E’ un difficile equilibrio quello tra la libertà d’espressione e gli abusi verbali dei troll su internet. Recentemente due casi di razzismo e violenza verbale nei confronti del Presidente degli Stati Uniti Barack Obama hanno riaperto il (mai chiuso) dibattito sulla violenza online.
Quando infatti Obama ha aperto il suo account personale su Twitter ha subito talmente tanti attacchi violenti e razzisti sul social che perfino il New York Times ha deciso di scrivere un articolo a riguardo mentre i servizi segreti hanno fatto visita ad una delle persone coinvolte negli attacchi. La settimana scorsa invece è stata resa pubblica la notizia che ricercando su Google la frase “la casa del negro” appare su Google Maps la foto della Casa Bianca.

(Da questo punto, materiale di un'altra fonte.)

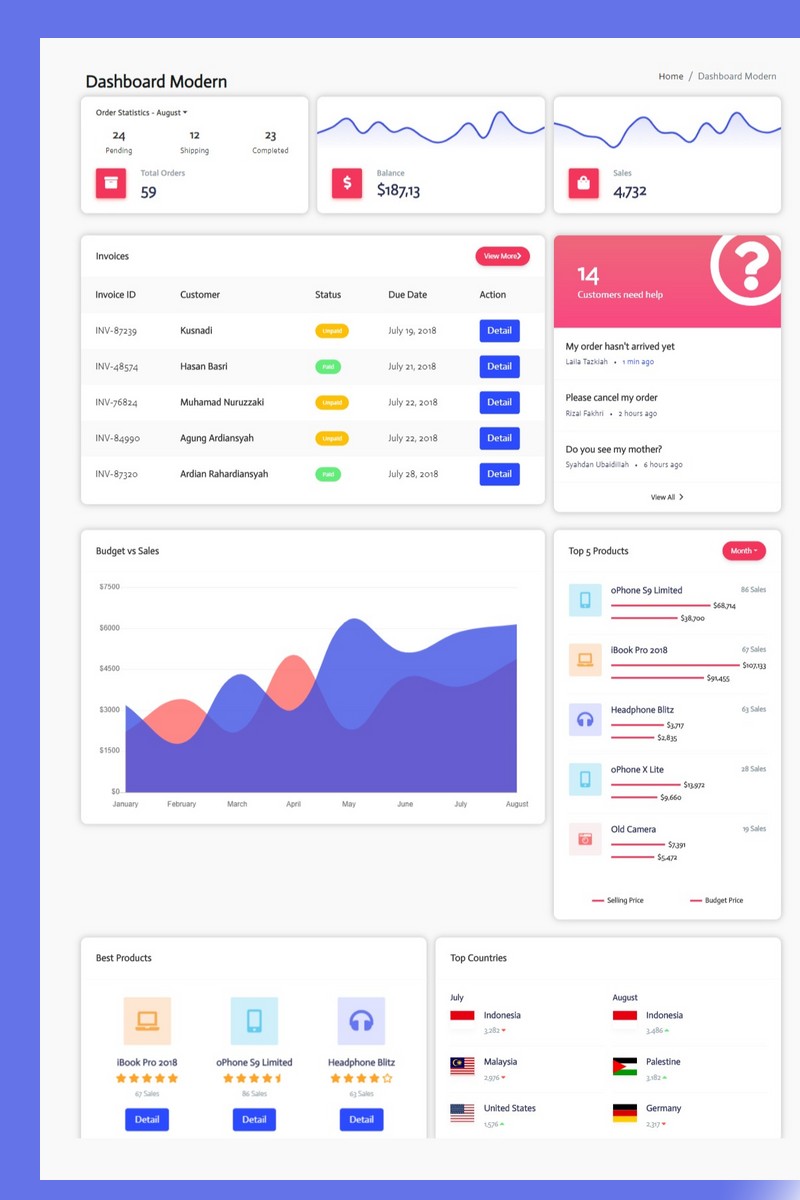 Admin Templates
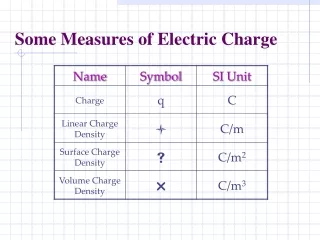 Some Measures of Electric Charge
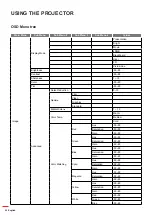 Предварительный просмотр 22 страницы Optoma DH1011i User Manual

Google ha immediatamente fatto sapere che la questione non era stata provocata da un maligno essere umano ma da un problema con un loro algoritmo. In pratica Google Maps associa automaticamente ciò che le persone stanno dicendo su internet con alcuni luoghi: in questo caso è probabile che nelle chat si facesse spesso riferimento alla Casa Bianca con questi toni razzisti. Il caso di Twitter invece è più complesso in quanto la violenza che ne scaturisce è di natura umana e sottolinea maggiormente i problemi che si sono creati tra troll e abusi da quando è stato creato il web.
L’industria tecnologica fino ad ora non è stata in grado di limitare gli abusi sui propri social ma i casi di violenza verbale e le denunce sono ormai così tante che l’industria è sotto pressione affinché risolva o ponga dei limiti ai trolls. Se Obama può contare sui servizi segreti, la maggioranza dei cittadini invece non ha protezione.
Per concludere: il diritto alla libertà di espressione è sacrosanto, ma bisogna trovare un modo per limitare gli abusi e i casi di cyber bullismo. Non bisogna sottovalutare le possibili conseguenze negative dal punto di vista psicologico per gli utenti, anche in giovane età, che subiscono migliaia di attacchi sui social.